Die Wahrscheinlichkeit, an arterieller Hyper­tonie zu erkranken, steigt mit dem Alter: Bei über 60-Jährigen beträgt die Häufigkeit 60 %. Neben dem Alter tragen auch Faktoren wie der Lebensstil (z. B. Bewegungs­mangel oder kalorien­haltige, stark gesalzene Nahrung) und Adipositas dazu bei, dass die Häufig­keit zunimmt.

Um die durch arterielle Hypertonie bedingten Endorgan­schäden zu vermeiden, sollten Patientinnen und Patienten die aktuell empfohlenen Ziel­blut­druck­werte (Deutsche Gesellschaft für Kardiologie, Deutsche Hochdruckliga, European Society of Cardiology) erreichen. In den aktuali­sierten Empfeh­lungen der European Society of Hypertension (ESH) und der European Society of Cardiology (ESC) wurde als neuer Zielwert ein Blutdruck von 140/90 mmHg festgelegt. Dieser Wert gilt als Ausgangs­punkt, auch für Personen mit Vorerkrankungen wie Herz- oder Nieren­schäden. Bisher ist es aller­dings nur bei knapp der Hälfte der Behandelten gelungen, einen solchen Ziel­wert zu erreichen.

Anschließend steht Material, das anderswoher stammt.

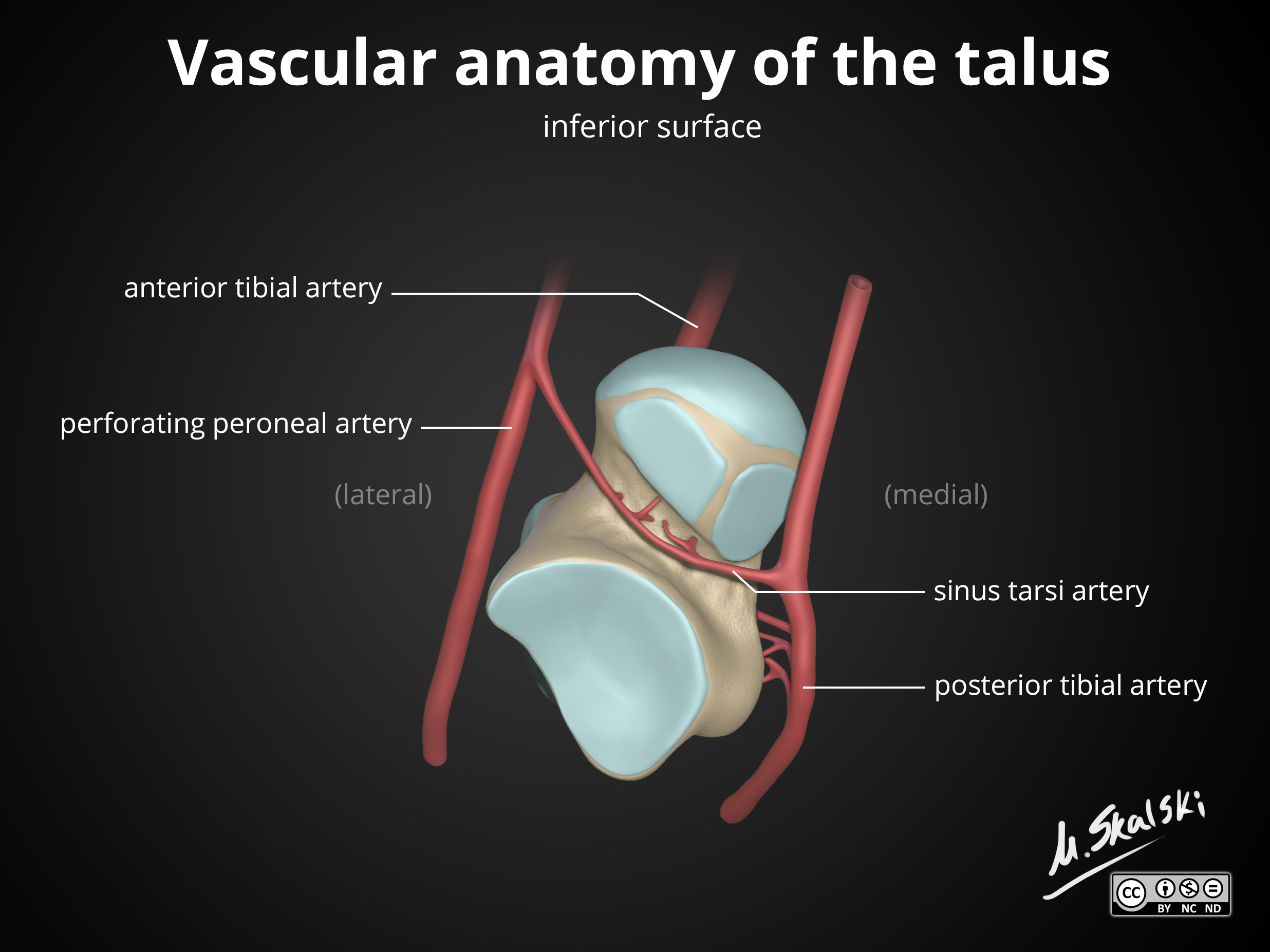 Image | Radiopaedia.org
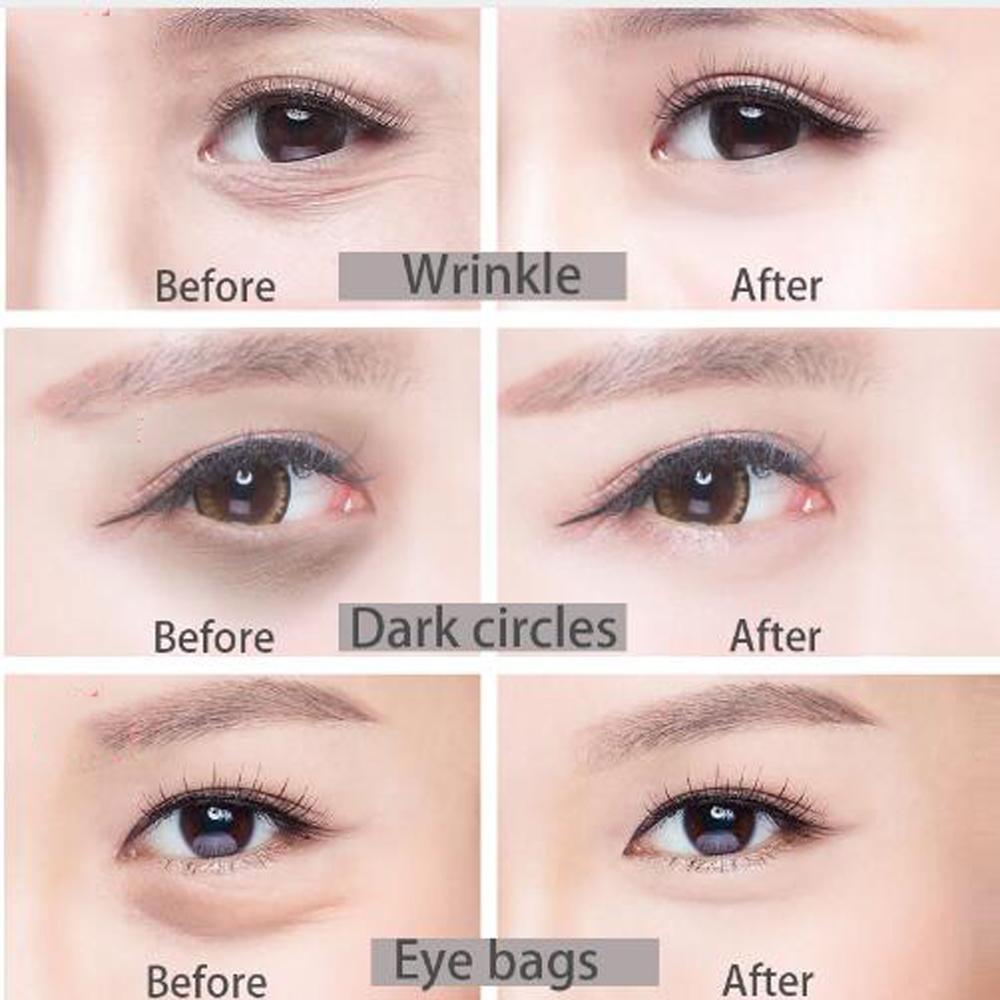 [HCM]KEM DƯỠNG MẮT LILIA WRINKLE EYE CREAM Chống nhăn lão hóa oại bỏ quầng thâm bọngdưỡng ẩm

Deshalb sollte der Blut­druck prinzipiell bei jedem Arzt­besuch gemessen werden – von der Einschulung über die Einstellungs­unter­suchung und den Termin beim Betriebs­arzt bis hin zu einem Check-up oder einer anderen Vorsorge­untersuchung. Um eine arterielle Hyper­tonie zu diagnosti­zieren, sind in der Regel wiederholte Blutdruck­messungen notwendig, ggf. in Form einer 24-Stunden-Langzeit­messung.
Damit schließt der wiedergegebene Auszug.